The above calibration exercise suggests that both a positive procurement shock and a negative productivity shock leads to positive aggregate inflation and a qualitatively similar response from the central bank. As discussed above, both differ strikingly from each other in how the shock gets transmitted to the aggregate economy. Figure 4 plots the monetary policy response for a range of values of \(c_{p}\in [0,0.6],\) for a common single period procurement shock, \(\widehat{Y}_{\textit{PG},t},\) on impact.

Fig. 4
figure 4

Monetary policy response \(\left( \widehat{R}_{t}\right) \) and steady state share of procured grain \(\left( c_{p}\right) \)
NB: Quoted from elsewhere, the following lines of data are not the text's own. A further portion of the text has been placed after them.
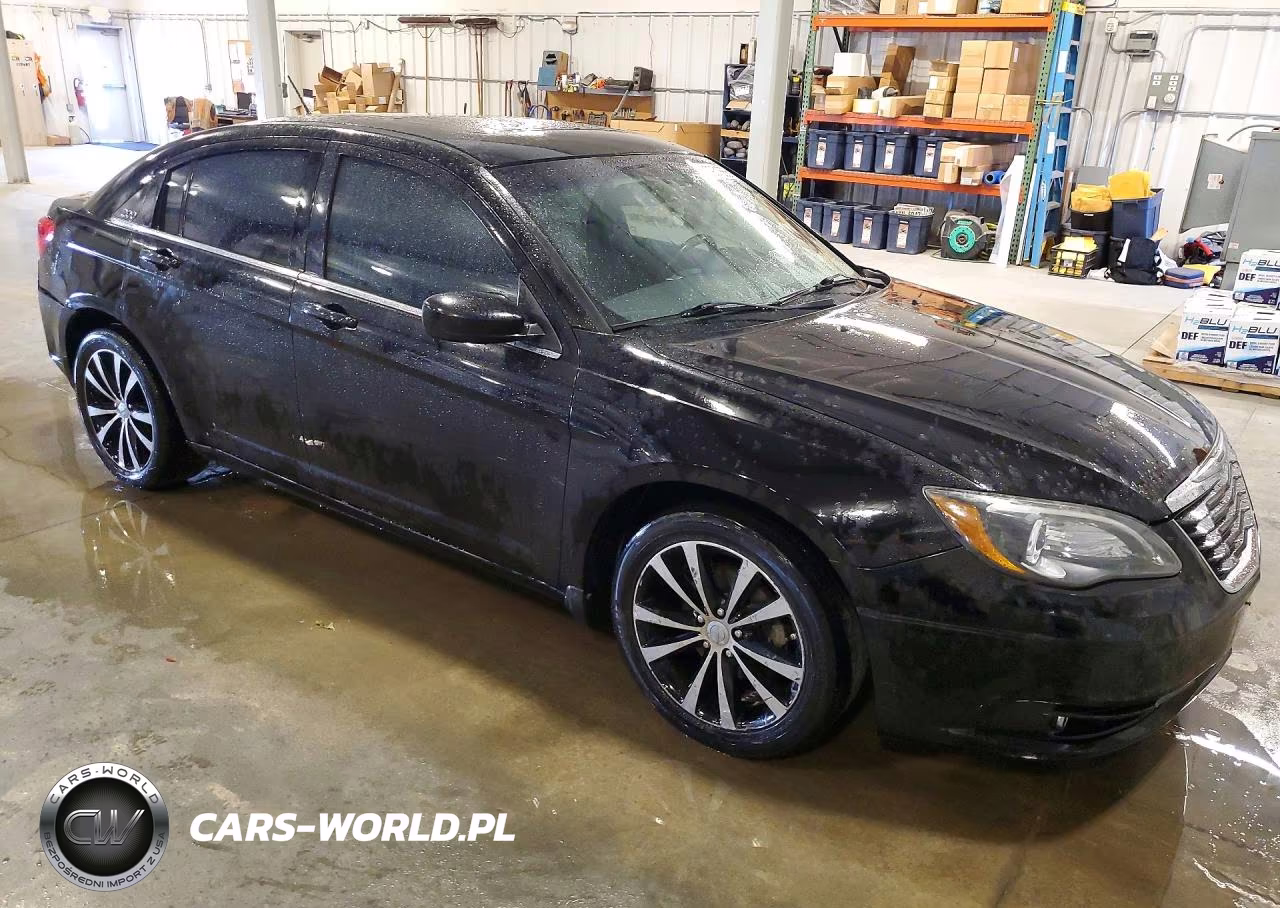 2011 Chrysler 200 S VIN:1C3BC8FG1BN601236 - 4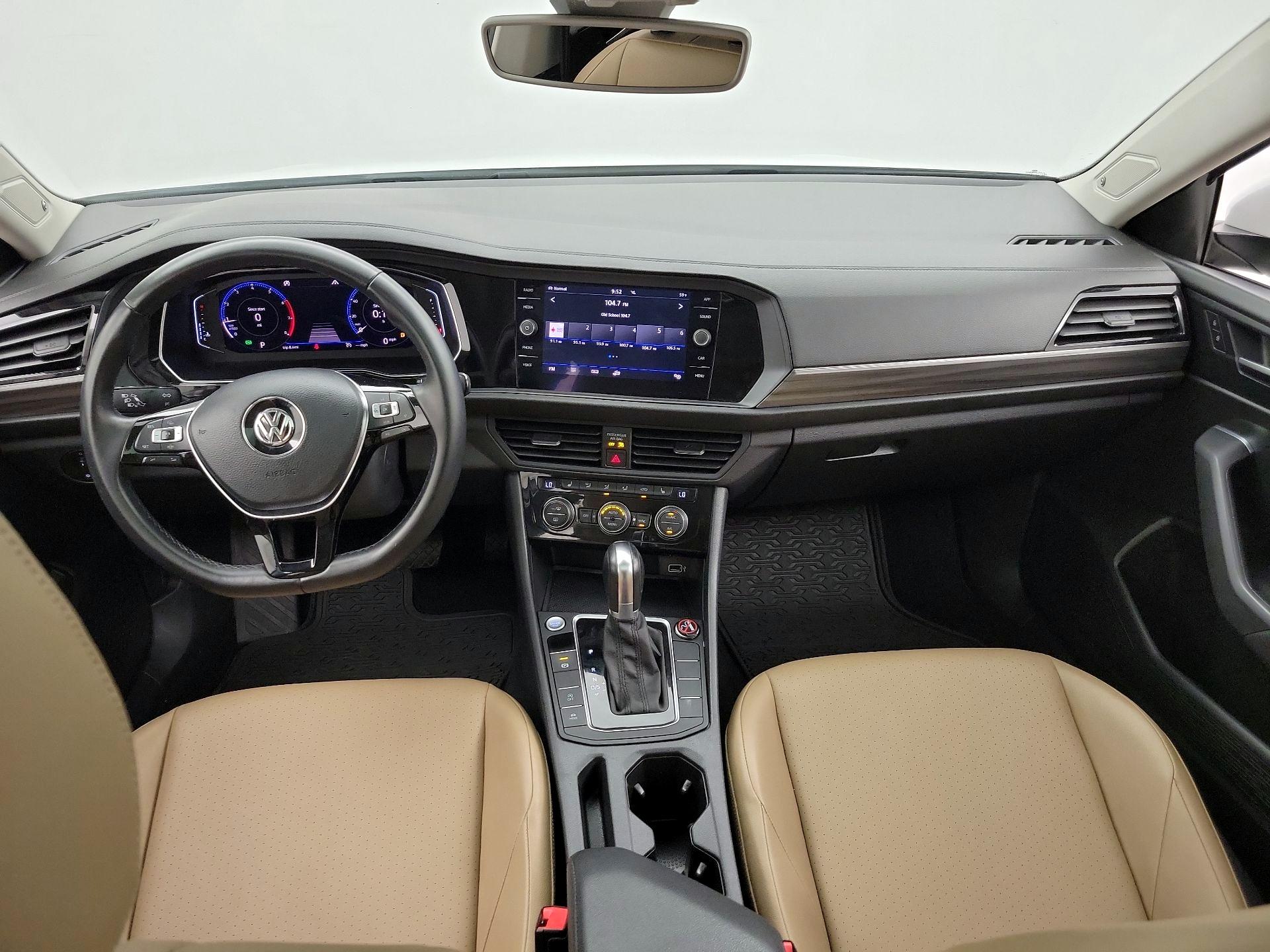 Thumbnail: 2019 Volkswagen Jetta - 9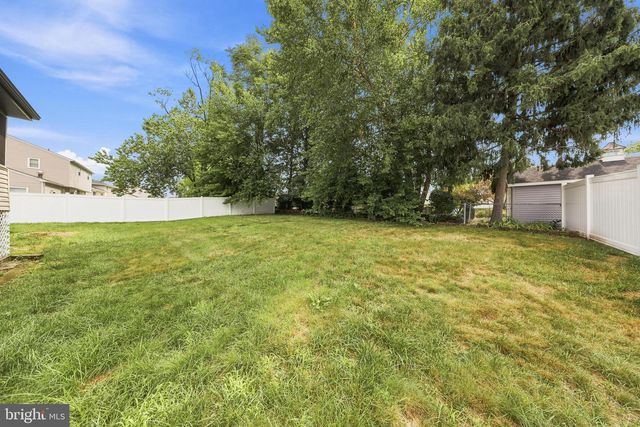 14 BUTTONWOOD RD, Stratford, NJ 08084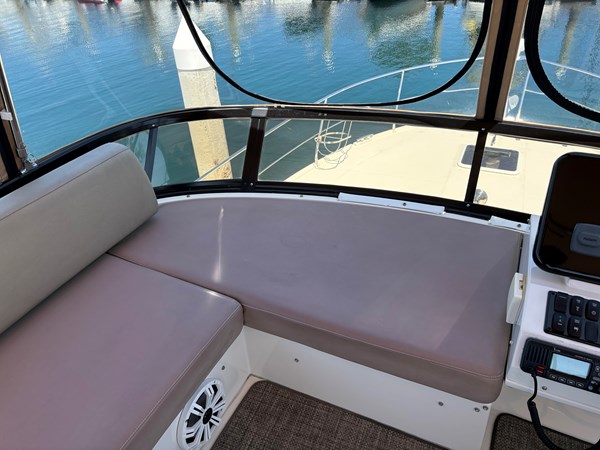 Photo of CARVER YACHTS Aqueous Solution 35' 6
Figure 4 shows a non-linear, increasing and monotonic relation between \( \widehat{R}_{t}\) and \(c_{p}.\) From Eq. (65), the nominal interest rate \(\widehat{R}_{t}\) depends on aggregate inflation, \(\pi _{t},\) and the aggregate output gap, \(\widetilde{Y}_{t}.\) A higher interest rate response of the monetary authority on impact for higher values of \( c_{p} \) is thus possible if and only if higher values of \(c_{p}\) lead to higher aggregate inflation or a higher aggregate output gap or both. To understand this it is important to see how \(c_{p}\) changes the aggregate NKPC and DIS curves. From Eq. (62), and under the sufficient condition, \(0<\lambda c\le 1,\) a higher value of \(c_{p}\) makes the aggregate NKPC steeper which means a given output gap is now associated with higher inflation. Moreover, according to the DIS equation, (64), the response of the real economy to changes in the real interest rate, \(\widehat{r}_{t},\) decreases with higher values of \(c_{p}\), thus requiring a stronger monetary response for a given output gap. Hence the monetary policy response for a procurement shock should depend on the steady state value of \(c_{p}.\) This figure implies that central banks in EMDEs like the Reserve Bank of India should respond to changes in the terms of trade over time in a systematic way as outlined in our model, especially since the importance of food inflation in monetary policy setting over the last several years has become increasingly important (Reserve Bank of India 2015).

6 Conclusion

Central banks in EMDEs such as India often grapple with understanding the inflationary impact of a shock from the agriculture sector because the precise relationship between aggregate inflation and the terms of trade may be unknown. To address this, we develop a three-sector (grain, vegetable, and manufacturing) closed economy NK-DSGE model for the Indian economy to understand how one major distortion—the procurement of grain by the government—affects overall inflationary pressures in the economy via changes in the sectoral terms of trade. Our main contribution is to identify the mechanism through which changes in the terms of trade—because of changes in procurement—leads to aggregate inflation, changes in sectoral output gaps, sectoral resource allocation, and the economy wide output gap. We then calibrate the model to India to discuss the role of monetary policy in such a set-up. We show that a positive procurement shock to grain leads to higher inflation, a change in the sectoral terms of trade, and a positive output gap because of a change in the sectoral allocation of labor. We also compare the transmission of a single period positive procurement shock with a single period negative productivity shock. We consider these two cases because they typify the kind of shocks experienced by the Indian agriculture sector (upward increase in procurement, a poor monsoon). For a positive productivity shock, we show that on impact, the economy experiences higher inflation, and a slightly negative output gap. Under a positive procurement shock, labor reallocates away from the manufacturing and the vegetable sector. Under a negative productivity shock, labor reallocates towards the manufacturing and vegetable sectors. In addition, the presence of procurement changes the standard NKPC and DIS curves of the aggregate economy. Under a sufficient condition, we show that the NKPC and DIS curves become steeper suggesting that the central bank’s response to a terms of trade shock needs to be stronger. We also show that procurement weakens monetary policy transmission.

Our paper contributes to a growing literature on monetary policy in India and other emerging market economies. Future work will characterize how the terms of trade influences optimal monetary policy.